Un mare bianco per la Sardegna

Un mare bianco sulla terra di Sardegna. Le immagini diffuse in queste giorni da televisioni, siti e giornali colpiscono l’immaginario collettivo e fanno capire come la battaglia dei pastori sardi non sia solo una battaglia in difesa di un proprio interesse. È qualcosa che tira in gioco il modello di produzione agricola, la politica, l’identità di un territorio, il suo futuro. Il tutto a poche settimane da un voto regionale che potrebbe avere delle belle ripercussioni anche sul governo nazionale. Insomma il latte versato dagli allevatori e dato in pasto ai maiali è un segno dei tempi...
La questione può essere condensata in tre cifre. Nel 2018 il latte di pecora veniva pagato 0,85 centesime al litro. Oggi siamo a 0,60. Per quello caprino il prezzo è addirittura più basso, di 0,50. La Sardegna è la prima prima regione italiana come numero di capi ovini da latte con oltre tre milioni di capi (44 per cento del totale italiano) mentre sono 2.908.749 i litri di latte.
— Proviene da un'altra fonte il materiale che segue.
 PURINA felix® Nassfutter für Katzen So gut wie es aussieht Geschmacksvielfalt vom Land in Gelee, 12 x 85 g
Grazie a questo latte vengono prodotti oltre trecentosessanta mila quintali di pecorino romano, che per il 60 per cento volano verso gli Stati Uniti. La filiera è regolata da quote di produzione che non dovrebbero essere superate dai vari caseifici. Il consorzio di tutela del pecorino romano dop deve vegliare sul rispetto delle quote di produzione, ma le multe sono considerate irrisorie da molti produttori e così spesso le quote non sono state rispettate. Questo ha determinato il progressivo crollo del prezzo del formaggio, passato dai dieci euro al chilo del 2015 ai sei euro di oggi.
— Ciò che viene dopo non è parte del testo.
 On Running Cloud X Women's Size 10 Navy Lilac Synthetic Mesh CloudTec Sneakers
Le conseguenze a catena sono quelle che determinano le proteste di questi giorni: prezzo del latte crollato, perché si è drasticamente abbassato il valore del prodotto finale. Per questo Coldiretti ha chiesto di procedere immediatamente al commissariamento del Consorzio di tutela del Pecorino Romano Dop, responsabile con le sue scelte del crollo del mercato che ha messo in ginocchio gli allevatori. Secondo le cifre rese note dalla stessa Coldiretti, in gioco c’è, oltre il futuro di migliaia di famiglie, anche l'avvenire di un settore economico strategico per il Made in italy e per l’intera Sardegna dove il 70 per cento del territorio è destinato al pascolo.
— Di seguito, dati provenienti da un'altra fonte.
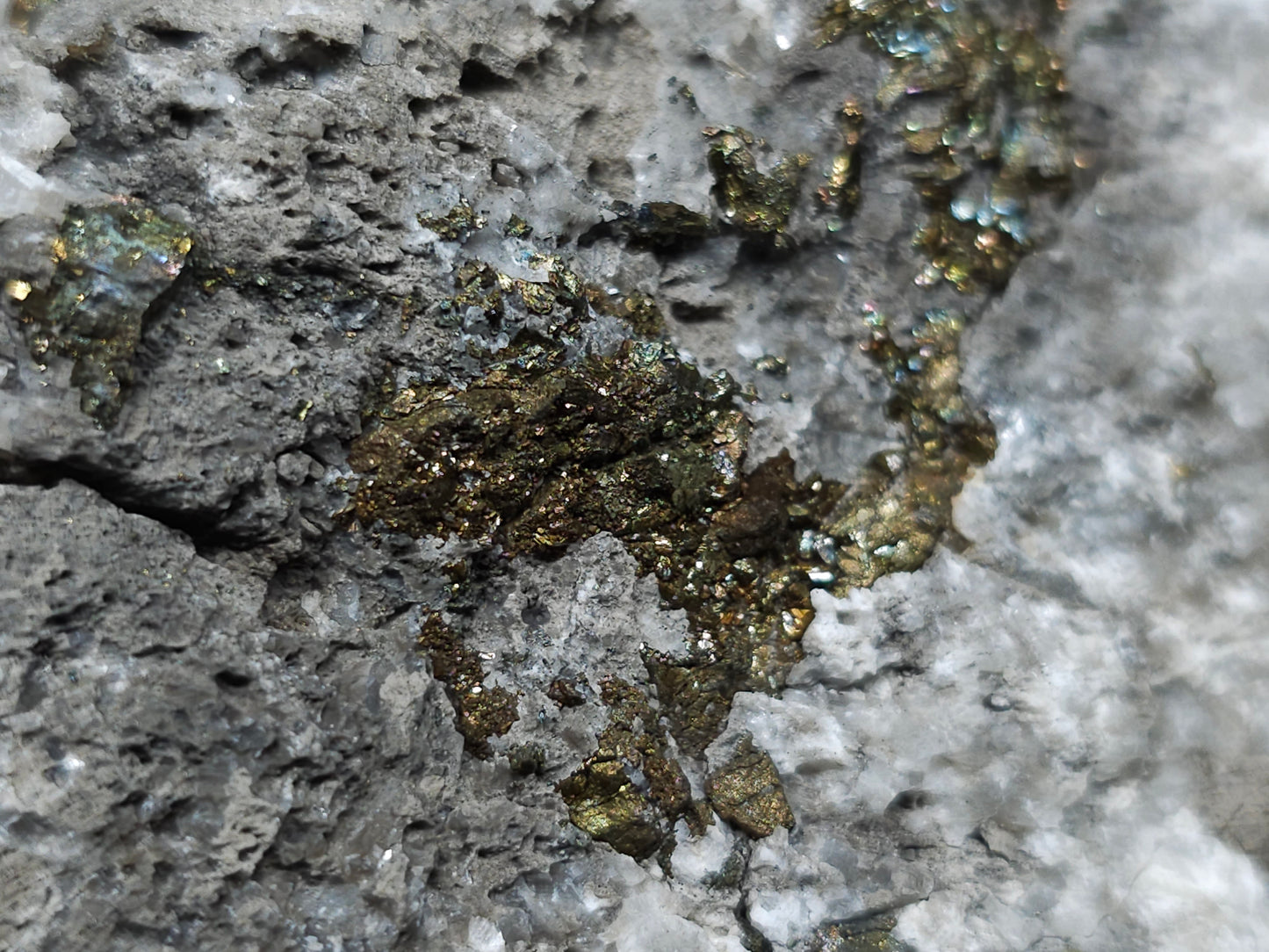 #66063 Clear Nailhead Spar Calcite, iridescent golden Chalcopyrite ore, Marcasite with hydrothermal Calcite deposit on peacock Chalcopyrite ore and Dogtooth Spar Calcite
L’accusa dei pastori e della Coldiretti è che le industrie casearie abbiano fatto cartello. Le norme sulla concorrenza vietano infatti «qualsiasi comportamento del contraente che, abusando della propria maggior forza commerciale, imponga condizioni contrattuali ingiustificatamente gravose. Fra queste sono comprese qualsiasi patto che preveda prezzi particolarmente iniqui o palesemente al di sotto dei costi di produzione». Infatti nel mese di gennaio il prezzo medio del latte di pecora è stato pari a 62 centesimi al litro iva inclusa, corrispondenti a 56 centesimi iva esclusa. Nello stesso mese, però, i costi di produzione iva esclusa hanno raggiunto i 70 centesimi segnando un margine negativo per le aziende produttrici di 14 centesimi ogni litro di latte. Felice Floris, leader del Movimento dei pastori sardi, la principale delle organizzazioni che conducono la protesta di questi giorni, ha lanciato anche una proposta per tamponare l’emergenza: spostare dal mercato venti milioni di pecorino romano da destinare ai bisognosi in Italia, ma anche all'estero, per esempio in Africa. Se ne parlerà il 21 febbraio nell’incontro al ministero dell’Agricoltura. Certamente tifiamo tutti per la Sardegna e quel suo modello di sviluppo così rispettoso del territorio e della propria tradizione.